Cuando nos levantamos al día siguiente, entre la bruma congelada de la madrugada y el olor concentrado de pis de vaca, descubrimos que los chanchos de don Canale nos habían comido nuestras provisiones. Habían lamido los platos y las ollas como un lavadero a presión. No nos quedaba ni plata ni comida y había que aguantar hasta el domingo a la tarde si no queríamos perder los puntos ni caer en el ridículo absoluto. Así que nos organizamos como la banda de Jesse James y caímos sobre el pueblo de Bella Vista...
Había que conseguir, por los medios que fuera, algo para comer esos días.
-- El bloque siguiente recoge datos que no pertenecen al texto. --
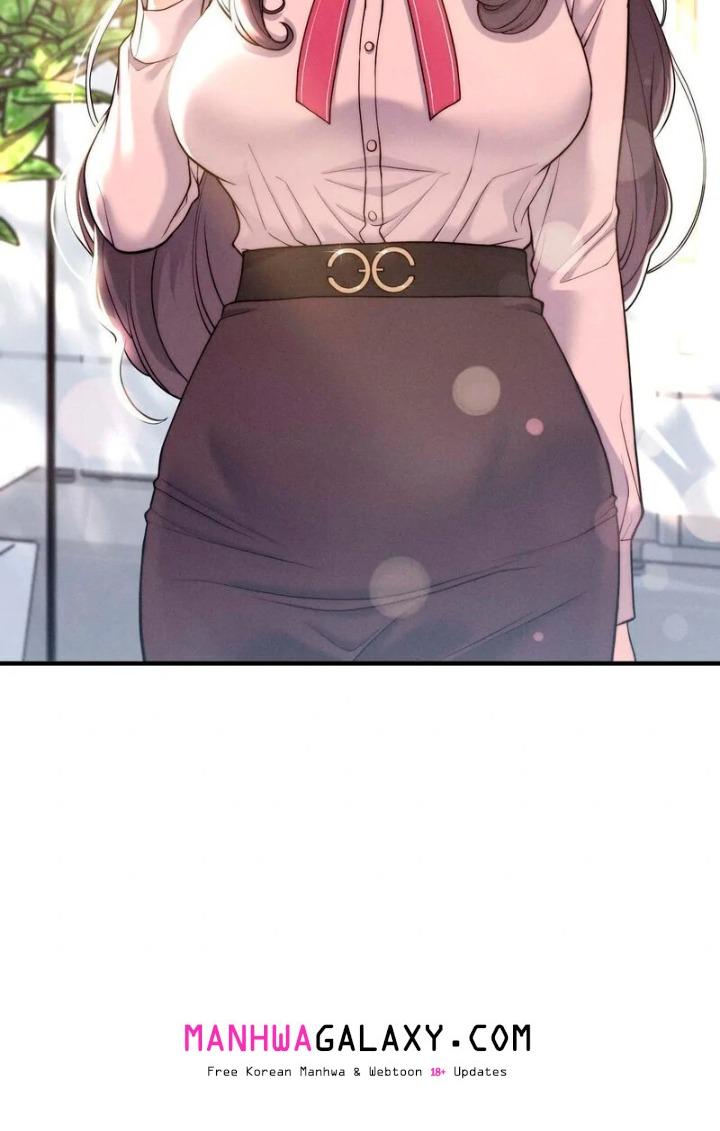 Love is Timing chapter 4 page 36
Valía todo porque la necesidad lo exigía, pero lo suyo era mendigar a los almaceneros alguna prepizza, arroz, fideos o leche que nos permitiera subsitir. Nos dispersamos al entrar al pueblo y nos volvimos a encontrar en la estación a una hora señalada para volver al campamento con lo que consiguiéramos. Todos, menos Jorge Fernández Alonso, nos dedicamos con esmero a robar cosillas de almacenes, quioscos y supermercados. Nada de polenta: chocolates, mantecol, latas de paté, sardinas... y ropa. Nos probamos remeras y nos las llevamos puestas. Jorge -a quien llamábamos Frito- se hizo amigo de un almacenero que le dio de comer en su casa y lo llenó de regalos. Allí fuimos con nuestro botín a recoger más vituallas.
Después aprendí lo que era el hurto famélico. En la Facultad de Derecho y en la estación Retiro de Buenos Aires.
Un día de 1971 volvía en tren de San Isidro a Buenos Aires bastante tarde. El hambre y las ganas de comer un buen pebete de jamón y queso se juntaron de repente, así que me senté en el banco de los grandes de un bar alargado del gran hall de la estación Retiro. Gente de la noche tomaba grapas o ginebras y hablaría de fútbol o de mujeres o de carreras de caballos con la curiosa experiencia sabelotodo de los porteños, siempre lista para nunca decir que no sabe y que tampoco tiene la culpa. Cuando me trajeron mi cocacola y mi sándwich, un chiquito que no había visto se lo llevó como un relámpago. Mi propia distracción me apartó del cuidado de la botella que se tomó su hermanita, despreocupada y lo más campante, mientras caminaba para el otro lado.
Bien hecho. Por las remeras de Bella Vista.